Only the Philippines, because of its pusillanimous president, was gullible enough to believe the US lies. Not a single one of the Asean leaders — compared to whom Marcos is an intellectual and political pygmy, such as Malaysia’s Anwar Ibrahim, Singapore’s Lee Hsien Long, and Vietnam’s Võ Văn Thưởn — share Marcos’ antagonistic view of China. Vietnam, the other major claimant in the South China Sea, which even had fought bloody battles there against China, has chosen that emerging superpower as the main engine to push it toward full economic development.
Ridiculous
It is so, so ridiculous to say Marcos gave the country its backbone; he made the US our backbone, which could have disastrous consequences if ever a war breaks out between the two superpowers. Marcos by far has been this country’s president most pusillanimous to the US.
Marcos indeed has made audacious moves, but not in a way that unites and strengthens our nation but only to perpetuate his dynasty’s power when he steps down in 2028, even if it weakens our constitutional system.

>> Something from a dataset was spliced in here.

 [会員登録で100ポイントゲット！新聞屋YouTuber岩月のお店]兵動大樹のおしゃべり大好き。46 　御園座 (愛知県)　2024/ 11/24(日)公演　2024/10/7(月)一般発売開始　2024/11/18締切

Just two years in power and having hardly done anything to boast about, he, through his cousin, House Speaker Martin Romualdez, has been audacious — in fact truthless — in going after the Dutertes, without whose support he would not have become president. He was audacious in persecuting his formerly biggest ally by using the Congress to investigate “in aid of legislation” alleged crimes in which the former president and his main officials would be implicated, such as those spawned by the online gaming enterprises which flourished during his term and, more importantly, purported extrajudicial killings that occurred in the wake of his war against drugs.

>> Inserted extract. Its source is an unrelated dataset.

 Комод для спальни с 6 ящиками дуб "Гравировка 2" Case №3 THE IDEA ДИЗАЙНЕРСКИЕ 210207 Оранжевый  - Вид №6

Marcos’ audacity in his persecution of Duterte is ruthless. His intention is not to give justice to alleged victims of Duterte’s war on drugs but to demonize the Dutertes so their political force would be so much weakened in the May 2025 mid-term elections. That will put Congress, especially the usually independent Senate, under Marcos’ complete control. In that situation, he could easily call for a convention to amend the Constitution, either to allow him a second term or a change to a parliamentary system in which he would be prime minister. What audacity indeed.
We are fast falling behind our neighbors, even behind the war-ravaged Vietnam, by any measure used (see table). It would take much audacity to undertake drastic reforms and programs — one that cries out to be launched is that against corruption — to change our society before it is too late.
Marcos, after two years in power, has demonstrated he does not and never will have such audacity nor the wisdom even to see what’s required. What is so tragic, and even catastrophic for us in the long run, is that the Congress that he controls has focused on suppressing his former ally Duterte, thereby adding another fissure in our body politic — the Mindanao bloc against the Ilocos.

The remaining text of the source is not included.